[Data records]
════════

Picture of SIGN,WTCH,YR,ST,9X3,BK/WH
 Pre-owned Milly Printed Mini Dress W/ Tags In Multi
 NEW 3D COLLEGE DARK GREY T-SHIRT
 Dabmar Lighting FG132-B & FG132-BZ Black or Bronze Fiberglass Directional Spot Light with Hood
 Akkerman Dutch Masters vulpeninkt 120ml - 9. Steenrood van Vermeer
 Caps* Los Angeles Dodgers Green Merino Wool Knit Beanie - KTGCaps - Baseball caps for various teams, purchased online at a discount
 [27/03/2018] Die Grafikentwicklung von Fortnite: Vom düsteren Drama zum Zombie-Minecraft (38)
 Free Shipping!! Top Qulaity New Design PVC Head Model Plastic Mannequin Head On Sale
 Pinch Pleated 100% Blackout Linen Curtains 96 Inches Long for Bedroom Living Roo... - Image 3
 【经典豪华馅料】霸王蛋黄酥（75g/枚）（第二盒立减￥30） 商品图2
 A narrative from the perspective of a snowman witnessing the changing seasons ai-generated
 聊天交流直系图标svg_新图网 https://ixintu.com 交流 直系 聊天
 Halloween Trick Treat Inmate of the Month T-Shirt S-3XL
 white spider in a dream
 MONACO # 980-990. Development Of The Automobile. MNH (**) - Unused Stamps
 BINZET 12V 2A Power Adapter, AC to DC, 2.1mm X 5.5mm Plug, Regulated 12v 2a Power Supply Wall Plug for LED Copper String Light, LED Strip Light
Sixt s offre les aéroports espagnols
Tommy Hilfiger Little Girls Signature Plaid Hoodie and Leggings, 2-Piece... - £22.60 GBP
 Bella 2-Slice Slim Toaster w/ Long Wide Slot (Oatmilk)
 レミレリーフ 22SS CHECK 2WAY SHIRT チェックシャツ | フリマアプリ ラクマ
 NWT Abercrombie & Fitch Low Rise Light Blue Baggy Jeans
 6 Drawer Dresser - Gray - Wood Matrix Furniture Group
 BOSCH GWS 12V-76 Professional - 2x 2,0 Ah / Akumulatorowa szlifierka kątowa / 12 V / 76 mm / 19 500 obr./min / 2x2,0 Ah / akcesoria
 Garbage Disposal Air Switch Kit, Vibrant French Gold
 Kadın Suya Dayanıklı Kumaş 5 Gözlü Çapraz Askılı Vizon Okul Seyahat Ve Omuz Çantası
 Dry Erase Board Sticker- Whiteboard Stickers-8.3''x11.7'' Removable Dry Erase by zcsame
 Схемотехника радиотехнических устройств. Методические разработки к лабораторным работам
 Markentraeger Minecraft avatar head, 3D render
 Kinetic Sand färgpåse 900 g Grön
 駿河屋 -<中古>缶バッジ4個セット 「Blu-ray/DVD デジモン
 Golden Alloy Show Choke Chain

════════

▶ _What the task asks_:
Please copy only the lines from the one with "BOSCH GWS 12V-76" through the final line of the records above, both ends included.

▶ _Result of the exercise_:
 BOSCH GWS 12V-76 Professional - 2x 2,0 Ah / Akumulatorowa szlifierka kątowa / 12 V / 76 mm / 19 500 obr./min / 2x2,0 Ah / akcesoria
 Garbage Disposal Air Switch Kit, Vibrant French Gold
 Kadın Suya Dayanıklı Kumaş 5 Gözlü Çapraz Askılı Vizon Okul Seyahat Ve Omuz Çantası
 Dry Erase Board Sticker- Whiteboard Stickers-8.3''x11.7'' Removable Dry Erase by zcsame
 Схемотехника радиотехнических устройств. Методические разработки к лабораторным работам
 Markentraeger Minecraft avatar head, 3D render
 Kinetic Sand färgpåse 900 g Grön
 駿河屋 -<中古>缶バッジ4個セット 「Blu-ray/DVD デジモン
 Golden Alloy Show Choke Chain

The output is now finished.